To facilitate this shift people will simply stop being embarrassed about just about anything to do with themselves. Being "caught" naked will cease to be a source of embarrassment as people will be monitored naked all of the time, by multiple sources. In a sense, this has already begun to happen with the latest airport security.
You may consider that this will have an upside in that society will "mature", but the reality is people will become even more paranoid. But not about the fact that people are watching their every move, but about what those people think about their every move. Imagine, every article of your clothing will have be made to the latest trend, as anyone you know, or don't know, can view you at any time and pass judgement. At least, so the marketing droids will have you think.
It will be like High-School, only for 24 hours a day, 365 days a year, and for the rest of your life. A whole new circle of hell, brought to you by mass, uncaring public complancency. Your only succor is that you will be mercifully dead before such an obscenity comes into being, but you'd better call the cremators now anyway, just to be on the sfae side.
May the Maths Be with you!
But this thing is a plane, so it's a bad choice. It's not much use in the great outdoors if it's very small, because the lightest gust of wind is going to send it 50' off course. Besides, the need to maintain forward progress to ensure lift is going to make a fixed-wing aircraft a tool of limited use, except maybe for buzzing drunk schoolmates at the annual picnic.

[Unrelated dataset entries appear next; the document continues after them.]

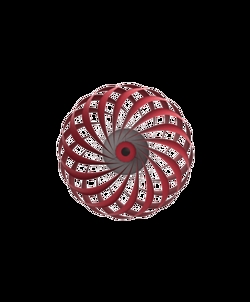 TR5 væglampe, birk/rød, 40 x 18 cm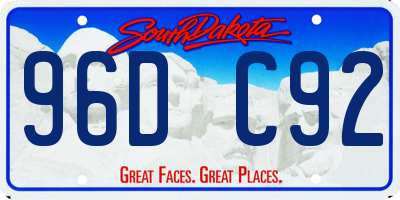 SD license plate 96DC92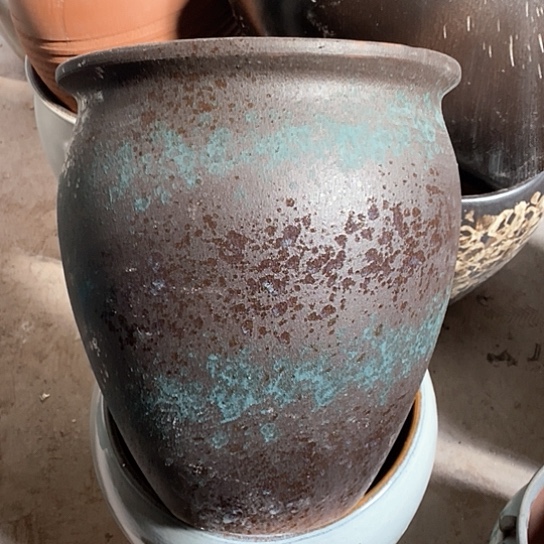 紫砂花盆口27高度30黑刷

I completely agree. Flies move by flapping their wings at a high speed, allowing for quick changes in direction and such. Fixed wing aircraft require forward momentum along with changes to control surfaces in order to change direction. The problem with a fixed wing aircraft that is the size of a fly is that not just a gust of wind, but even the tiniest ripple in the surrounding air, will cause it to either stall or move off course. Not to mention they would have to miniaturize everything: the propeller, power source, cameras, and all other on board electronics. The article says that it could one day be used for search and rescue but I don't know how an autonomous robot is going to know to look for humans, unless it has an infared sensor which just adds that much more weight. And even then, they would have to have a computer on the airplane that would understand all of this information. And to think, it has a 14" wingspan right now and all it can do is avoid walls! I'm sure the inventor has good intentions and all but this just sounds completely unreasonable to me.